This gist provides a D3.js friendly "Coauthorship in Network Science" graph as a JSON file. It is used in the example at:
🔗 https://bl.ocks.org/sjengle/f6f522f3969752b384cfec5449eacd98
Source: M. E. J. Newman, Finding Community Structure in Networks using the Eigenvectors of Matrices, Preprint Physics/0605087 (2006). [Data] [Paper]
The original dataset was retreived from http://www-personal.umich.edu/~mejn/netdata/ under the "Data sets" heading, cited as:
Coauthorships in network science: coauthorship network of scientists working on network theory and experiment, as compiled by M. Newman in May 2006. A figure depicting the largest component of this network can be found here. These data can be cited as M. E. J. Newman, Phys. Rev. E 74, 036104 (2006).
The original dataset was processed in Python using the NetworkX package. The original GML files were processed, filtered, and converted into JSON. Specifically, the degree and closeness centrality of each node was calculated. The edge weights were already present in the original file.
The entire network can be found in the netscience.json
file. The largest connected component can be found in the netscience-largest.json
file. The second largest connected component can be found in the netscience-second.json
file.

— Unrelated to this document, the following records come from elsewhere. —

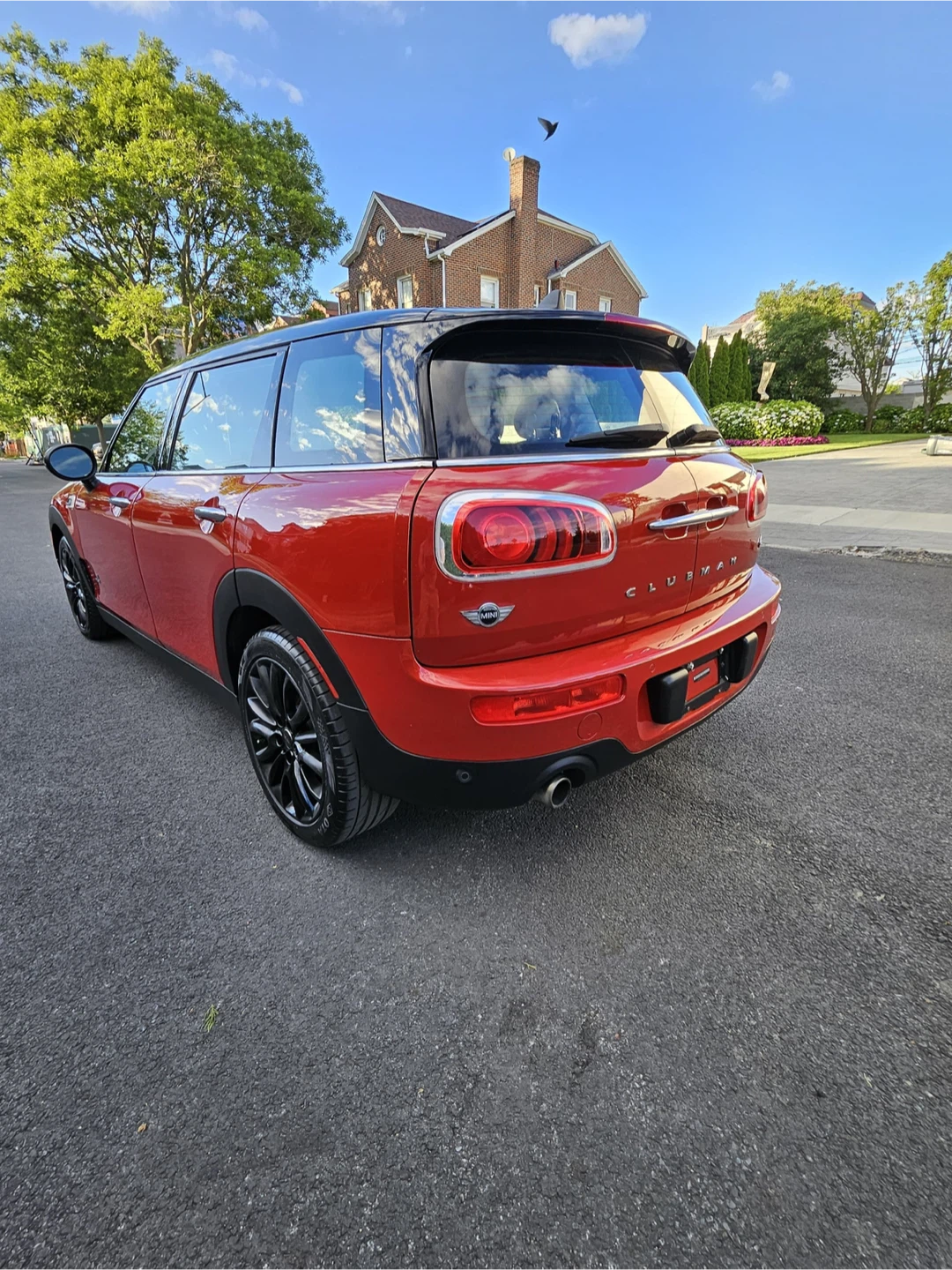 Red Mini Cooper Clubman - photo 4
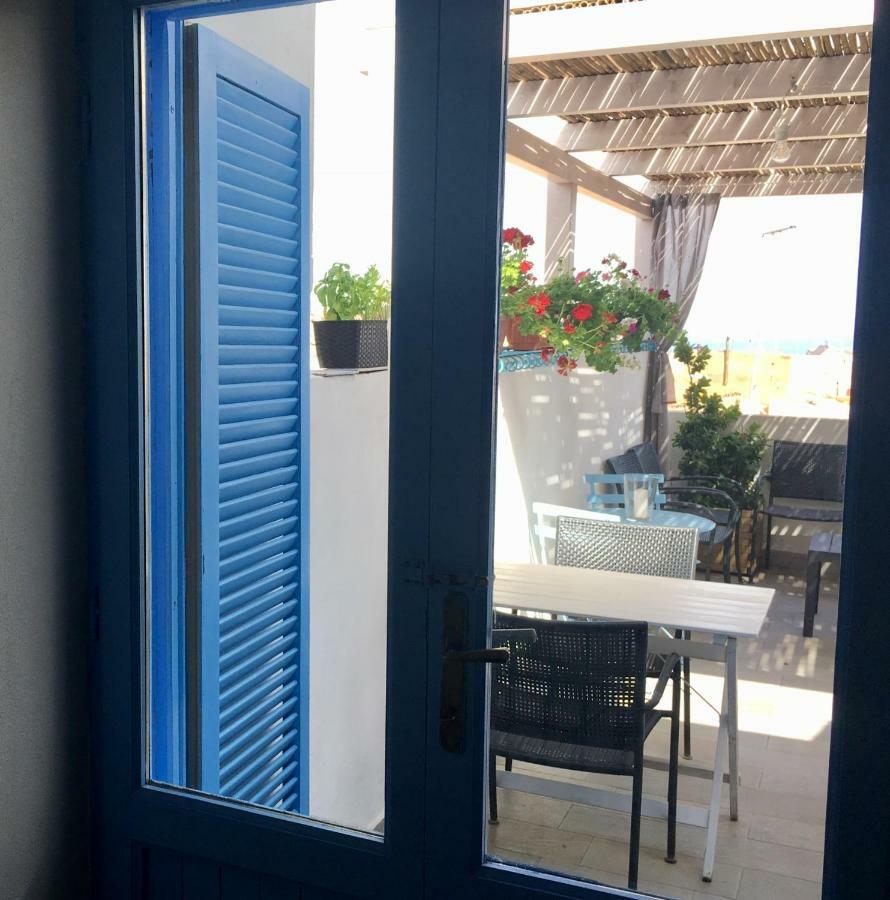 לינה וארוחת בוקר סורסו 4 In Piazza מראה חיצוני תמונה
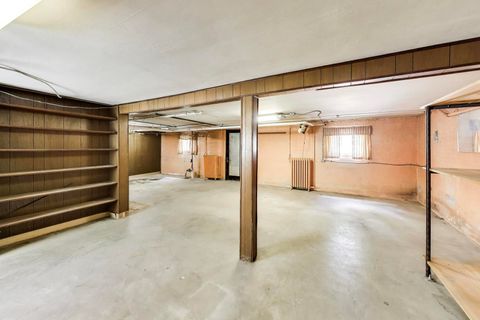 Tiny photo for 9100 Sheridan Avenue, Brookfield, IL 60513 (MLS # 12648518)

Finally, the netscience-filtered
file contains all components with 5 or more nodes.
The entire script is as follows:
import json
import networkx as nx
from networkx.readwrite import json_graph
# must make sure "[" is after label not on new line in gml file
G = nx.read_gml('netscience.gml')
# calculate some node attributes
nx.set_node_attributes(G, 'degree', G.degree())
nx.set_node_attributes(G, 'closeness', nx.closeness_centrality(G))
# write entire graph to file
with open('netscience.json', 'w') as f:
json.dump(json_graph.node_link_data(G), f, indent = " ")
# find all of the connected components (sorted by largest first)
connected = sorted(nx.connected_components(G), key = len, reverse = True)
# pull out the largest connected component
largest = G.subgraph(connected[0])
with open('netscience-largest.json', 'w') as f:
json.dump(json_graph.node_link_data(largest), f, indent = " ")
# pull out the second largest connected component
second = G.subgraph(connected[1])
with open('netscience-second.json', 'w') as f:
json.dump(json_graph.node_link_data(second), f, indent = " ")
# filter for all components with 5 or more nodes
filtered = [item for item in connected if len(item) >= 5]
filtered = [item for sublist in filtered for item in sublist]
filtered = G.subgraph(filtered)
with open('netscience-filtered.json', 'w') as f:
json.dump(json_graph.node_link_data(filtered), f, indent = " ")
print("Done")